Ce n’est pas seulement « dans la tête ». Le stress aigu comme le stress chronique agissent sur le cerveau, le sommeil, le système nerveux et de ce fait sur  l’équilibre physique et mental. Le stress  peut provoquer une fatigue mentale, une fatigue physique, des troubles du sommeil, une tension musculaire, des maux de tête ou un véritable épuisement émotionnel.

Le plus difficile, c’est de comprendre ce que cette fatigue veut dire. Simple baisse de régime, charge mentale, anxiété, burn out, asthénie ou signe d’un trouble plus profond ? Lorsque l’épuisement dure, le doute s’installe.

Cet article est là pour vous aider à y voir plus clair. L’objectif est simple : comprendre le lien entre stress et fatigue, repérer les bons symptômes, et découvrir des solutions naturelles pour réduire le stress, retrouver de l’énergie et sortir de ce cercle vicieux au quotidien.

Stress & fatigue

Pourquoi le stress fatigue-t-il autant ?

Avez-vous déjà eu une journée sans effort physique, mais avec la sensation d’avoir couru un marathon ? C’est souvent ainsi que le stress agit. Au départ, il sert à vous protéger. Il met le corps en alerte pour répondre à une difficulté. Mais quand cette alerte dure trop longtemps, elle finit par user vos réserves. Le sommeil devient plus léger, la concentration baisse, les tensions s’accumulent, et la fatigue prend plus de place. L’OMS rappelle d’ailleurs que le stress peut provoquer des difficultés à se concentrer, des douleurs et des troubles du sommeil, et que le stress chronique peut aggraver des problèmes de santé déjà présents.

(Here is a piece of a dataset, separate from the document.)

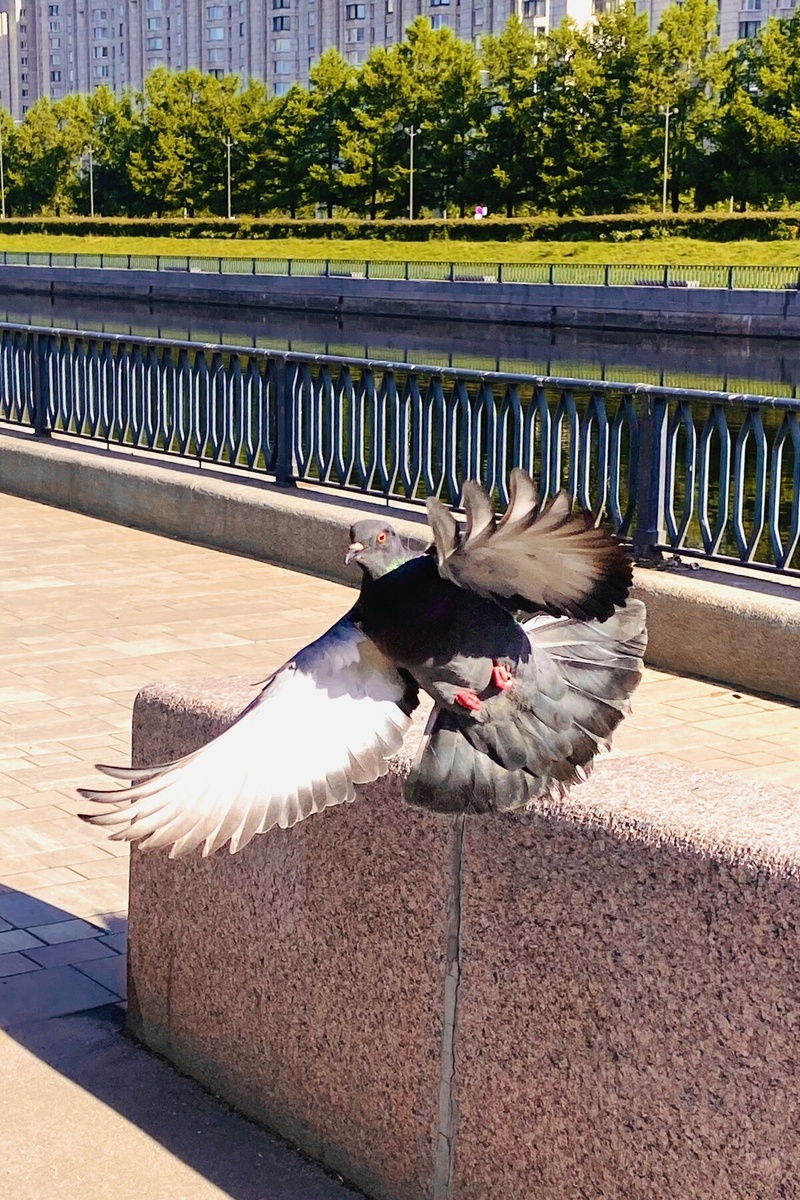 Авторское фото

Quel est le rôle du cortisol dans la perte d’énergie ?

Le cortisol est souvent appelé « l’hormone de stress ». Ce n’est pourtant pas une ennemie. En petite dose et sur un temps court, il aide le corps à rester vigilant. Il augmente la disponibilité de l’énergie pour faire face à une situation perçue comme urgente. Le cortisol fait taire l’inflammation. Mais quand le stress devient fréquent ou durable, cette réponse peut se dérégler. Résultat : vous vous sentez plus tendu, moins reposé, et parfois vidé, même sans effort intense. Des travaux de référence montrent que le cortisol joue un rôle central dans la réponse au stress, le métabolisme et l’équilibre de plusieurs fonctions du corps.

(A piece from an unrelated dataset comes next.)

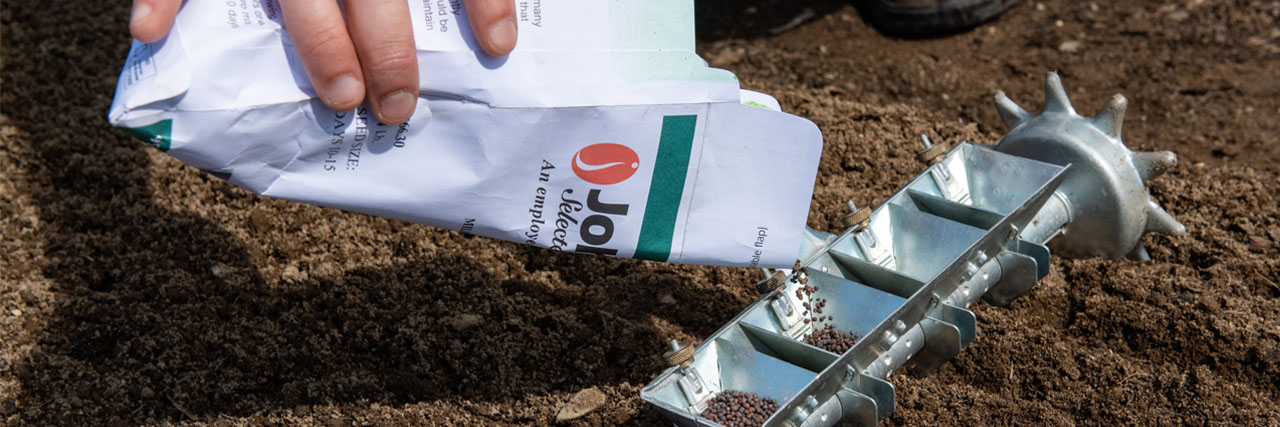 Direct sowing at the research farm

Pourquoi le stress mental épuise-t-il aussi le corps ?

Parce que le stress mental ne reste pas que dans la tête. Il passe aussi par le corps. Quand vous ruminez, anticipez, gérez trop de choses ou vivez sous pression, le système nerveux reste en mode alerte. Cela peut se traduire par des maux de tête, des douleurs, une tension musculaire, des troubles digestifs ou un sommeil moins réparateur. Le NHS et l’OMS indiquent clairement que le stress peut entraîner des douleurs physiques, des difficultés à dormir, de l’irritabilité et des problèmes de concentration. En clair, même si la source est mentale, l’impact est aussi physique.

Comment le stress et la fatigue s’installent-ils dans un cercle vicieux ?

Le mécanisme est souvent simple. Vous êtes stressé, donc vous dormez moins bien. Comme vous récupérez mal, vous êtes plus fatigué le lendemain. Et comme vous êtes fatigué, vous gérez moins bien la pression, les émotions et les imprévus. Le stress remonte alors encore d’un cran. Les troubles du sommeil laissent aussi plus souvent une sensation d’épuisement, d’irritabilité et de baisse d’attention dans la journée. C’est ce cercle vicieux qui explique pourquoi une fatigue liée au stress peut durer, même quand on pense « s’être reposé un peu ».

À retenir :

  • Le stress mobilise le corps, mais il l’use lorsqu’il perdure.
  • Le cortisol aide à réagir, puis peut devenir épuisant s’il reste élevé trop longtemps.
  • Le mental fatigue aussi le physique.
  • Le duo stress + mauvais sommeil entretient souvent la fatigue et la baisse du fonctionnement.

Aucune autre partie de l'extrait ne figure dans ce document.